UW economics department responds to sexual misconduct concerns with actionable plan

Economics graduate students drive tangible, institutional change

The University of Wisconsin Department of Economics released a memo to UW economics graduate students May 18 containing an substantial plan to address concerns from many about sexual misconduct within the department.

In October 2022, more than 167 PhD students in economics, agriculture and applied economics and certain business school programs signed a letter that was shared via Twitter by economics graduate students Emily Case and Danny Edgel. 

The letter, which was endorsed by the Wisconsin Economics Graduate Organization and Wisconsinites for Inclusion and Diversity in Economics, addressed sexual harassment, retaliation and the general culture within the department.
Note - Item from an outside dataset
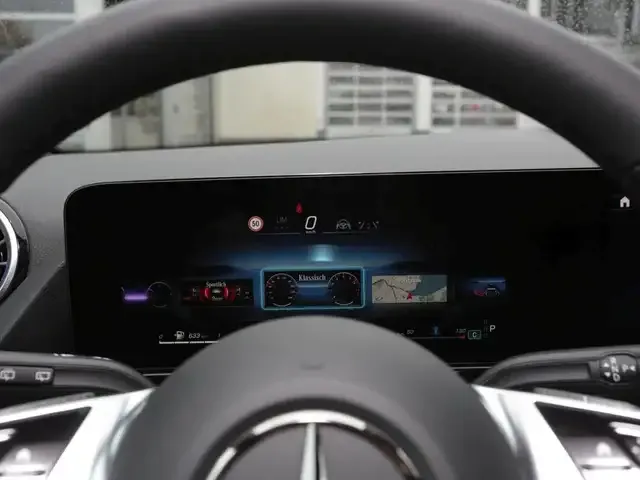 Mercedes-Benz GLA 220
It demanded reform in professional organizations like the American Economic Association, affirmation that sexual misconduct is not tolerated in the UW economics department, access to resources and support and improvement in UW’s “Pass the Harasser” clause.
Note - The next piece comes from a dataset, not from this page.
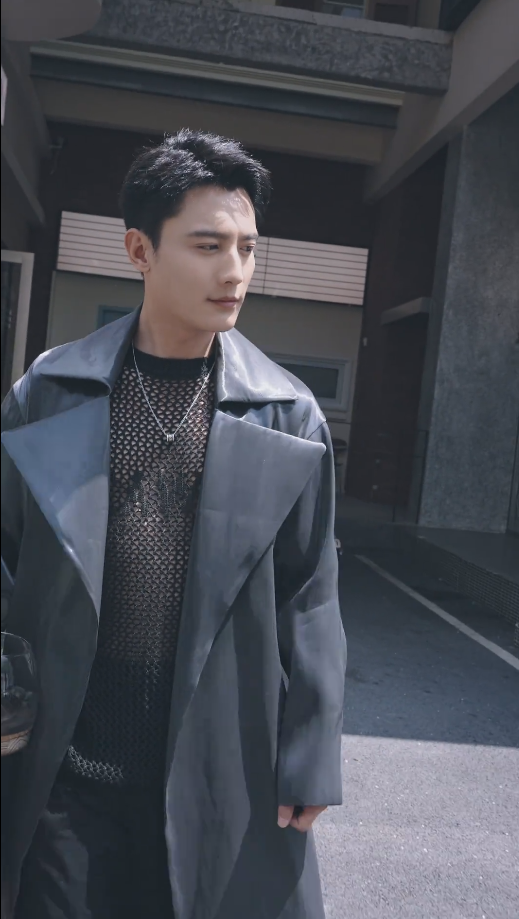 《来自深海的他》完整版在线观看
‘The letter was not the end’: UW economics graduate students address sexual misconduct in letter to department

In the memo released May 18, Chair of the Department of Economics Christopher Taber described four actions decided upon by a committee in response to the graduate students’ demands. Taber had promised to create the committee in his initial response to the letter, which acknowledged the concerns of the students and stated a shared commitment to maintaining high standards within the department.

The first action in the memo responds to calls for clarification of how to report sexual misconduct. To help explain the process, the committee scheduled an open meeting with UW Title IX coordinator Lauren Hasselbacher Dec. 5, 2022 to clarify the role of Title IX and other establishments on campus that handle issues related to sexual misconduct, and answer questions.

The second action says there will be more meetings to discuss reporting sexual misconduct at the beginning of each academic year for all graduate students, staff and faculty. President of WEGO and rising fourth year graduate student studying industrial organization Danny Edgel said incoming students will also be informed about the process for complaints that do not fall under Title IX, which will be documented in a complaint repository.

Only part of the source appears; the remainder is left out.